Cassandra melted against him, resting her head on his shoulder. A hint of bay rum cologne, with its distinctive notes of bay leaf, cloves, and citrus, drifted to her nostrils. It was a somewhat old-fashioned scent, very masculine and crisp. How unexpectedly traditional of him, she thought with a touch of private amusement.
One of his hands came up to smooth her hair. “You’re tired, buttercup,” he murmured. “You need to rest.”
“I feel much better now that we’re away from all the clamor at Eversby Priory.” A hush gathered around them, easy and relaxed. She was not in the hands of an impatient boy, but an experienced man who was going to treat her very, very well. Anticipation filled the spaces between her heartbeats. “Will you help me change out of my clothes?” she dared to ask.
Tom hesitated for a long moment before he went to close the curtains. Her stomach suddenly felt light, as it did when a fast-moving carriage crossed a dip in the road. Pulling her hair over one shoulder, she waited for him to come up behind her. The dress laced up the back with a decorative satin cord that finished in a bow at the bottom. She considered explaining the placket of hidden buttons beneath the lacing, but suspected he would enjoy figuring it out for himself.

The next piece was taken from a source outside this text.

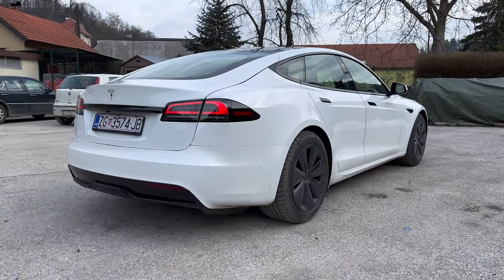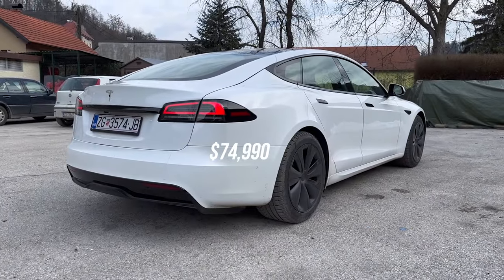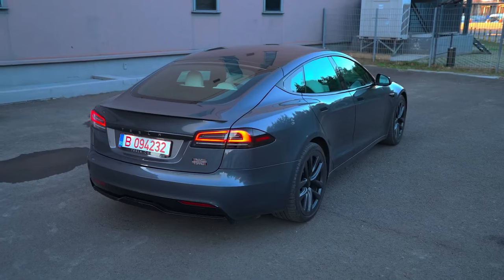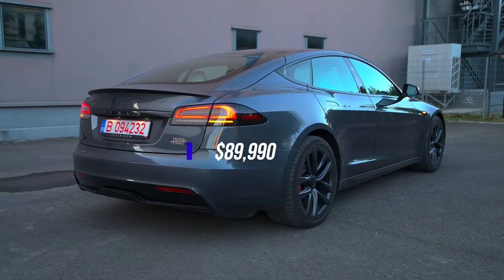For the prices, the base dual-motor all-wheel-drive Model S is priced at $74,990, while the tri-motor Model S Plaid is priced at $89,990.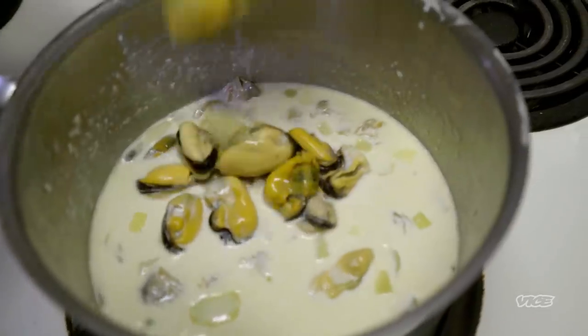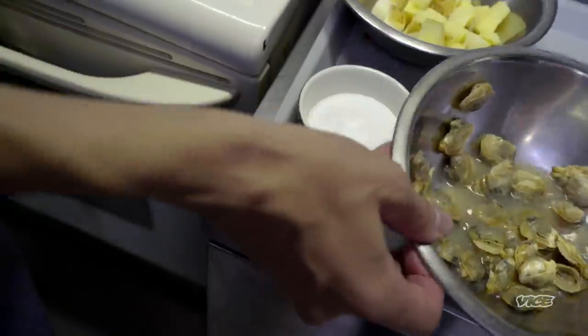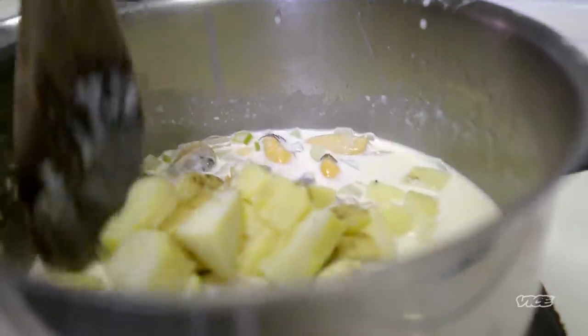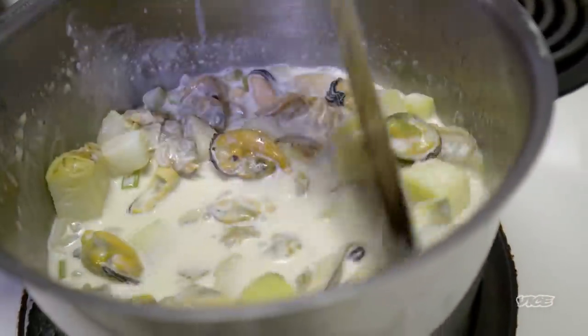We have a bit of clam juice and clams from B.C. The mussels, the mussel juice, potatoes, a little bit of mirepoix — fennel, celery, onion. No carrot in it. What about an asshole that would throw in a red pepper?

Gently Tom tugged at the bow. “You looked like a queen when you came into the chapel,” he said. “You took my breath away.” After he’d untied the satin cord, he stroked the placket that ran along her spine and felt the outline of tiny flat buttons. He searched for the miniature hooks that held the placket closed and unfastened them even more adeptly than a lady’s maid. As each button was undone, the satin bodice loosened and began to slip downward from the weight of the skirts.